Doch wie ist es möglich, dass eine in den Fünfziger Jahren entwickelte Zeichentrickfigur Inbegriff meiner persönlichen Albtraumsequenzen wurde? Neben dem skurrilen Auftreten als menschengleiches Wesen verfügte das normalerweise in der Arktis beheimatete Raubtier über einen äußerst geschmackvollen Kleidungsstil: neben einem petrolfarbenen Anzug kam das kugelförmig anmutende Wesen mit Spazierstock und Monokel daher.
Doch bereits im mittleren Kleinkindalter ließ ich mich keinesfalls von derartigen Verblendungen und Äußerlichkeiten täuschen- und das mit gutem Grund: mit Hilfe eines perfiden und bis ins letzte Detail ausgeklügelten Täuschungsmanövers gelang es den Schurken Walross und Zimmermann eine Kindergartentruppe Austernbabys subtil gewaltsam von ihrer Mutter- ob leiblich oder adoptiert entzieht sich meiner damaligen und heutigen Kenntnis- loszureißen. Im fröhlichen Duett sinnieren die Unholde scheinbar der Frage, wann denn nun eigentlich Austernverspeisezeit wäre, antworten im Refrain „Die Zeit ist reif, die Zeit ist überreif.“ und kehren mit erbeutetem Diebesgut den Rattenfänger von Hameln imitierend in ihre baufällige Junggesellenhütte am Strand zurück.

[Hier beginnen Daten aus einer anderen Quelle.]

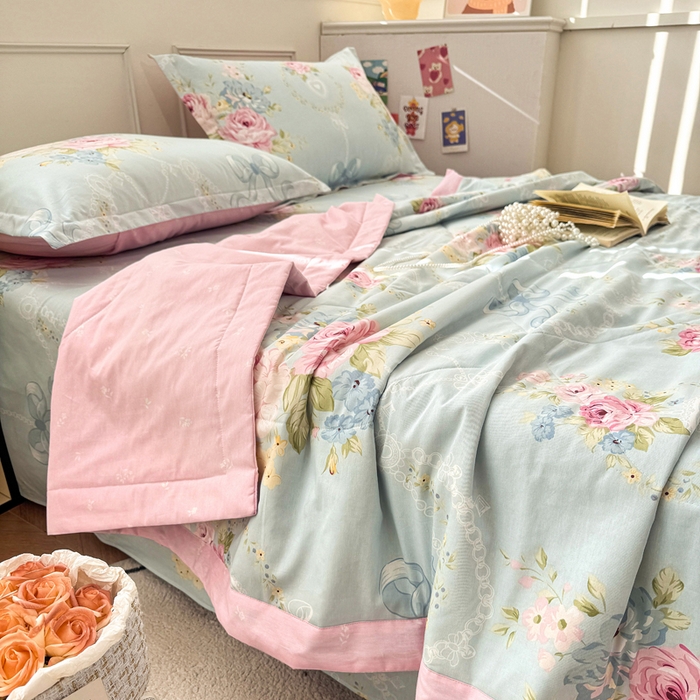 91家纺网 家纺一手货源 找家纺 棉造家居 2025新款春夏全棉纯棉印花夏被夏凉被空调被 花涧烟雨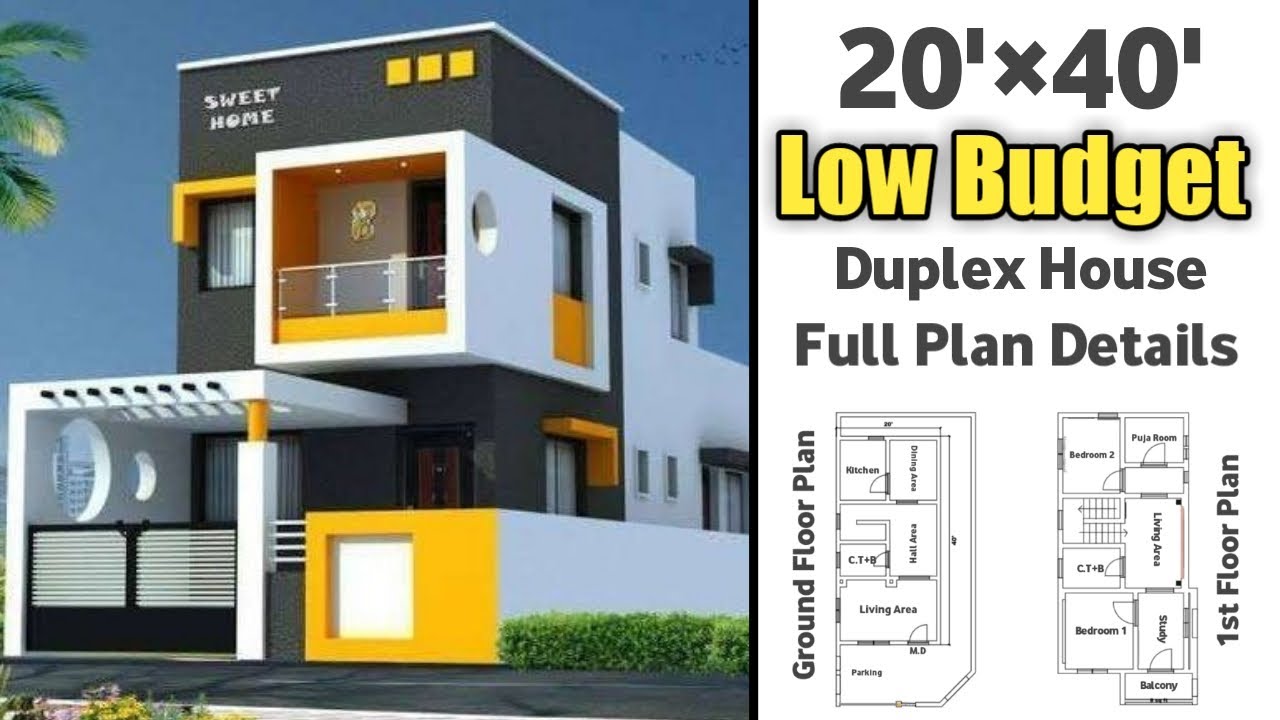 20 by 40 Budget Duplex House Design || 2 Bedroom || full Plan ...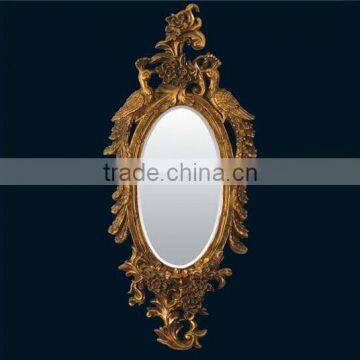 Luxury oval mirror with peacock decoration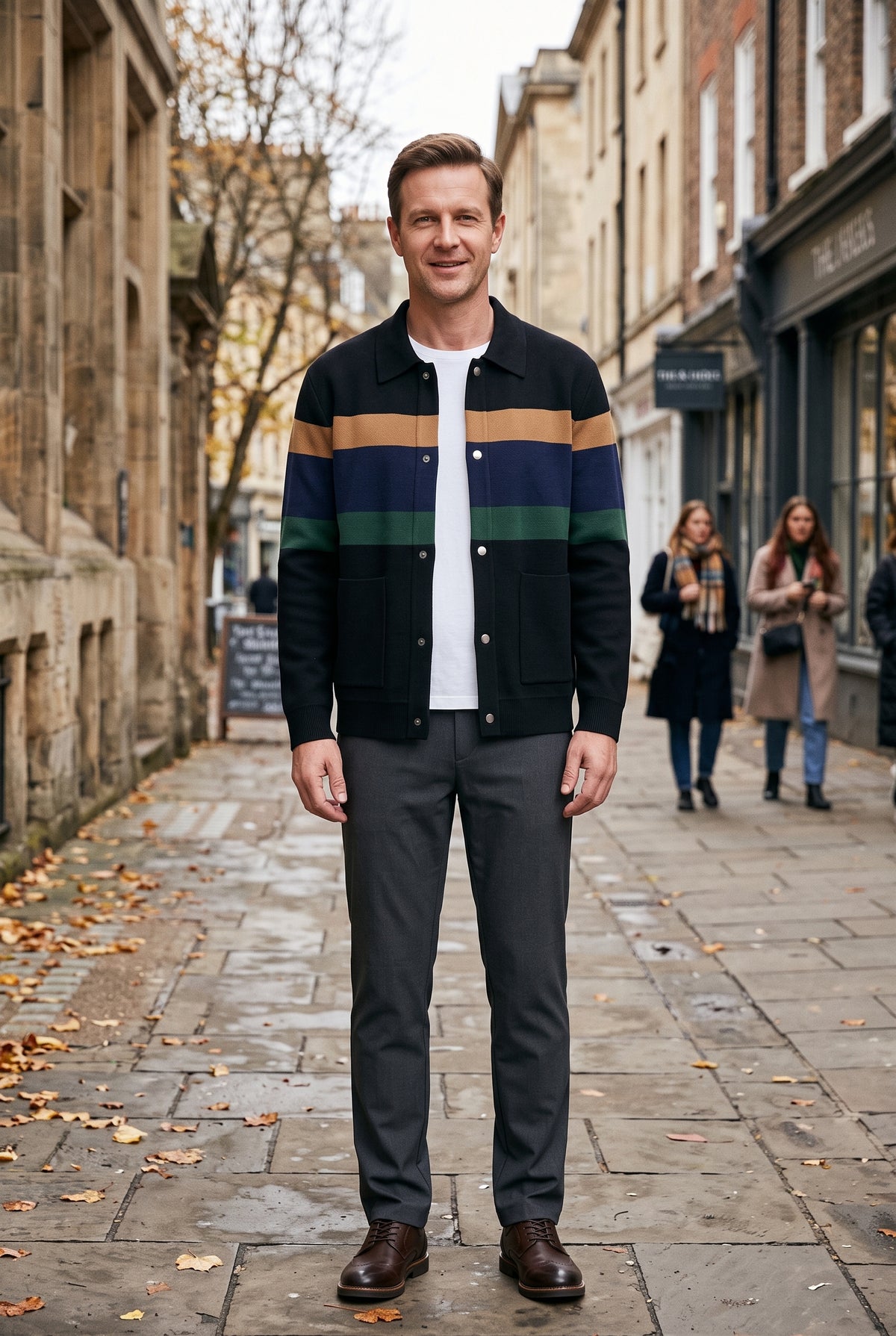 Men's Cardigan | Collared Colour Block - Black lifestyle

Den weiteren Verlauf, gespickt mit verstörenden Elementen des üblichen Gewaltrepertoires- eben ganz Walt Disney Manier, man denke nur an den von Gnus zu Brei verarbeiteten Mufasa in „König der Löwen“ oder das traumatisierte Elefantenbaby Dumbo- möchte ich dem werten Leser ersparen- nur soviel: schlussendlich sind die knuffigen Austern, welche selbstverständlich kindchenschematisch mit Babyhauben und Schühchen versehen waren, verspeist, zurück bleibt ein selbstgefällig dreinblickendes Walross.
Den überwiegenden Teil meiner mittlerweile einundzwanzig Jahre andauernden Existenz verbringe ich in der tiefen Überzeugung, mein frühkindliches Austerntrauma verarbeitet und überwunden zu haben. Womit ich allerdings nicht gerechnet habe, war die unglaubliche Hinterhältigkeit, mit der Herr Walross in menschlicher Gestalt die alten Narben aufzureißen vermochte.

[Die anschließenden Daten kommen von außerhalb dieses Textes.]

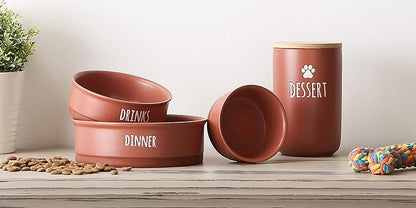 Bone Dry Ceramic Pet Bowls for Dogs & Cats Dishwasher & Microwave Safe, Non-Slip Bottom for Secure Feeding with Less Mess, Medium Set, 6x2, Terra Cotta, 2 Count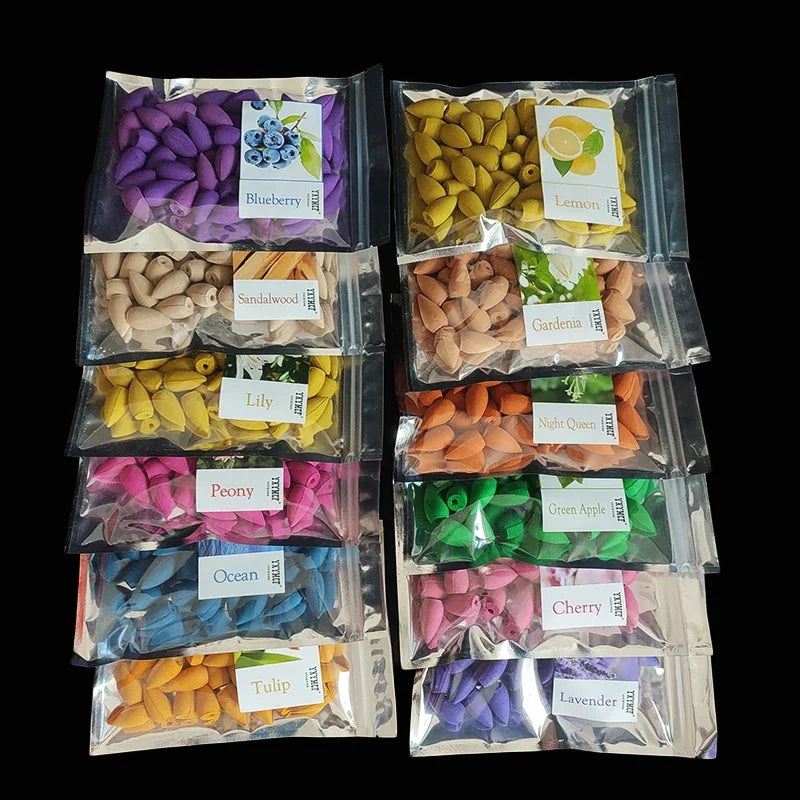 50pcs/bag Natural backflow incense cones Sandalwood Lavender Mixed scents for home waterfall incense smoke Reflux Tower Incense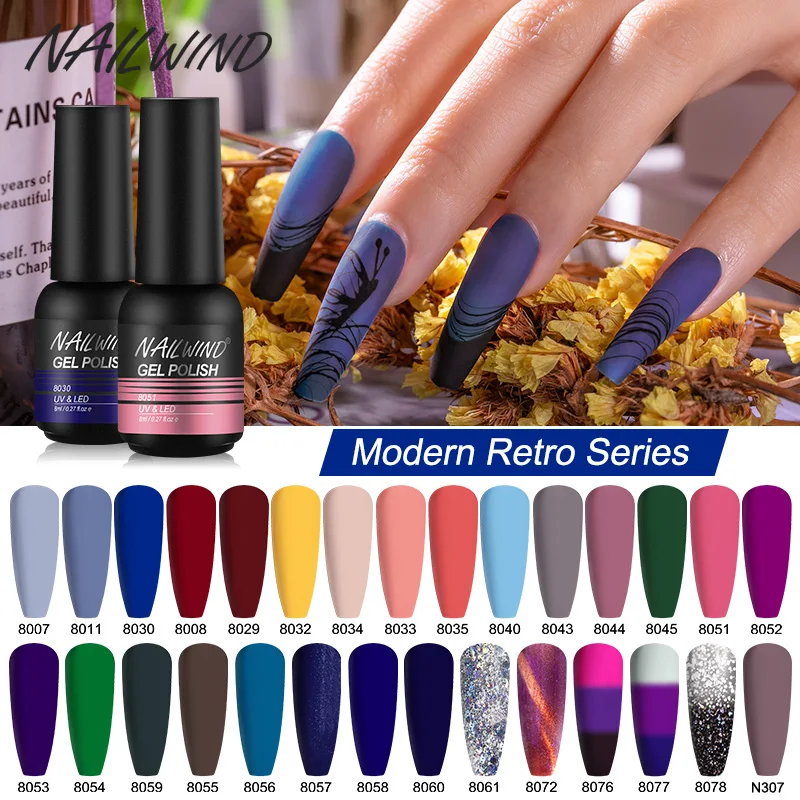 NAILWIND 8ML Gel Nagellak Semi Permanente Vernis hybride Voor Nagels Primer Base Top Coat Nail UV Polish gel Polishes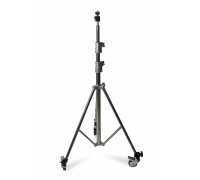 Штатив усиленный мобильный на колесах д 75 мм с шарниром SH-PAZ-14 и переходником на 5/8 для тяжелого нивелира, высота 2,93 м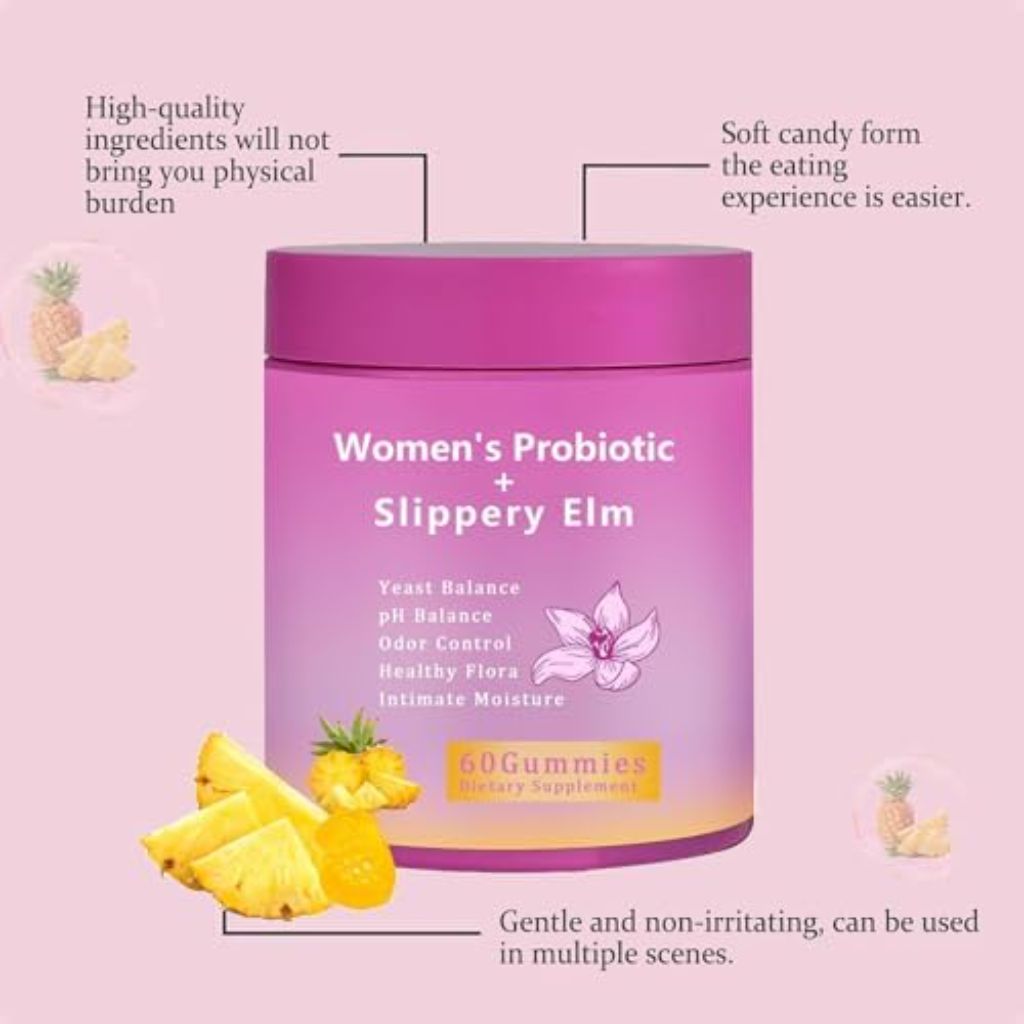 Women's Probiotic + Slippery Elm for pH Balance, Gut Health - Pineapple Flavor, 60ct (2 Pack)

Ein Besuch des nahegelegenen Kupsch-Marktes, welchem die Besorgung kleinerer Gebrauchsgegenstände und Konsumgüter zugrunde lag, konfrontierte mich mit der exakten Personifizierung der mir verhassten Animationsfigur in Form eines unvorstellbar dickbäuchigen Kassenmitarbeiters, welcher darüber hinaus die akribisch genaue Nachbildung des Walrossbartes in seinem Gesicht zur Schau trug. Ungläubig dreinblickend, emotional fünfzehn Jahre zurückgeworfen und mit der echoenden Gedankenschleife „Er hat die Muscheln gefressen! Er hat die Muscheln gefressen!“ starrte ich in das robbenartige Gesicht; vor meinem geistigen Auge tanzten Austernbabys vergnügt und quietschfidel über den von Unheil überschatteten Strand und während ich die Frage „Wollense ne Tüte?“ langsam versuchte, in die gerade stattfindende Realität einzuordnen, ertönte in meiner Kopf der nervtötende Jingle „Die Zeit ist reif, die Zeit ist reif, die Zeit ist überreif."